T24'ün derlediği habere göre, toplantıda söz alan ilk isim Güneydoğu Sanayici ve İş İnsanları Derneği (GÜNSİAD) Başkanı Şahismail Bedirhanoğlu oldu. Bedirhanoğlu çatışmalı süreçlerin bölge ekonomisinde yarattığı hasarın çok büyük olduğunu ifade etti.
Bedirhanoğlu, silah bırakma sürecine dair yasal altyapının hazırlanmış olması gerektiğine dikkat çekerek "Bu bir al-ver süreci değil ama bu süreçlerin tekrar yaşanmaması adına devletin de kendine göre ev ödevleri olduğunu biliyoruz" dedi.
KÜRT TOPLUMUNUN ORTAKLAŞTIĞI TALEPLER
Bedirhanoğlu, Kürt toplumunun ortaklaştığı taleplerin herkesi kapsayan anayasal vatandaşlık, anadilinin hayatın her alanında kullanılmasına ilişkin yasal düzenlemeler ve daha fazla yerinden yönetim olduğunu ifade etti.
TEŞVİK POLİTİKALARI GELİŞTİRİLMELİ
"Çatışma ve şiddetin olduğu yerde ne yatırım ne sermaye olur" diyen Bedirhanoğlu, bölgede oluşacak olan güvenlik ve istikrarla birlikte yatırımcıları da çekmek için yeni teşvik politikaları geliştirilmesi gerektiğini de sözlerine ekledi.
DİYARBAKIR'DA ATÖLYELER AÇILDIĞINDA İZMİR'E OLUMLU YANSIR
Doğu ve Güneydoğu İş Kadınları Derneği (DOGÜNKAD) Başkanı Özlem Külahci Tanaman da "Bizim için asıl mesele bu sürecin yalnızca çatışmasızlıkla sınırlı kalmaması, kalıcı barışa, demokrasiye ve ekonomi kalkınmaya evrilmesidir" diyerek sözlerine başladı.

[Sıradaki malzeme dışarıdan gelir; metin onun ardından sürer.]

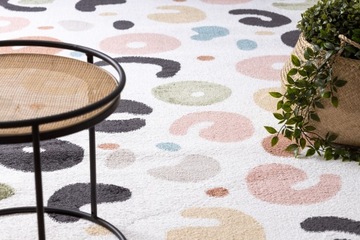 ДЕТСКИЙ КОВЕР FUN 180x270 см ПЯТНА кремовый #O556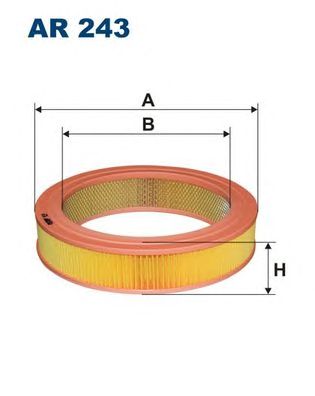 FILTRON ar243 -  Воздушный фильтр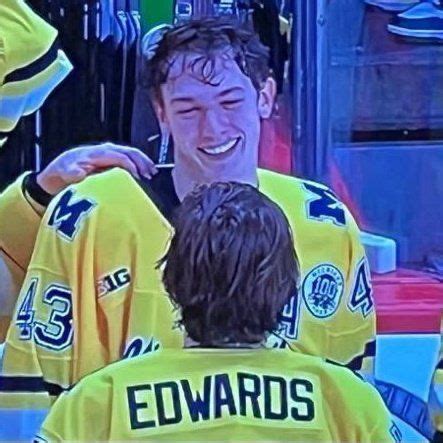 Pin By On Hughes Brothers In Hockey Players Funny Hot Hockey Players Michigan Hockey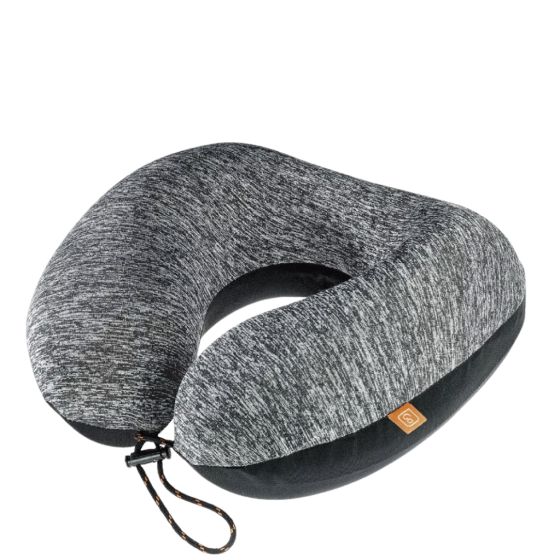 Go TRavel 485 Memory foam pillow orange front3qrtr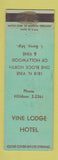 Matchbook Cover - Vine Lodge Hotel Los Angeles CA WEAR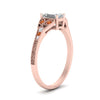 Load image into Gallery viewer, split-band-antique-emerald-cut-orange-sapphire-engagement-ring-in-rose-gold-FD9816EMRGSAOR-NL-RG
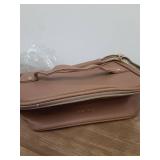 Prite Makeup Bag, Large Capacity Portable Travel Cosmetic Bag, Waterproof Makeup Organizer for Women with Handle and Divider (001 Brown) - Retail: $20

Atılan adımların siyasi dalgalanmalara kurban gitmemesi gerektiğini kaydeden Tanaman, süreçte anayasal eşitlik, hak ve özgürlüklerin teminat altına alınmasının kaçınılmaz olduğunu ifade etti.
"Kısaca barışın olduğu yerde güven olur. Güvenin olduğu yerde yatırım olur. Yatırımın olduğu yerde üretim ve istihdam artar" diyen Tanaman, "Diyarbakır'da atölyeler çalıştığında, Mardin'de turizm güçlendiğinde, Van'da lojistik geliştiğinde bunun olumlu yansımaları İzmir'de, İstanbul'da, Ankara'daki iş dünyasına da ulaşacaktır. Onurlu barış yalnızca bölge halkının değil, tüm Türkiye'nin ekonomisinin yükselmesinin anahtarıdır" diye konuştu.
Çatışmasızlık ortamının en çok kadınların ve çocukların yaşamlarını iyileştireceğini belirten Tanaman, "Biz kadınlar için önemli olan sürece kadınların müdahil olup olmamasıdır. Kadınların sürece katılımı hayati önem taşımaktadır" dedi.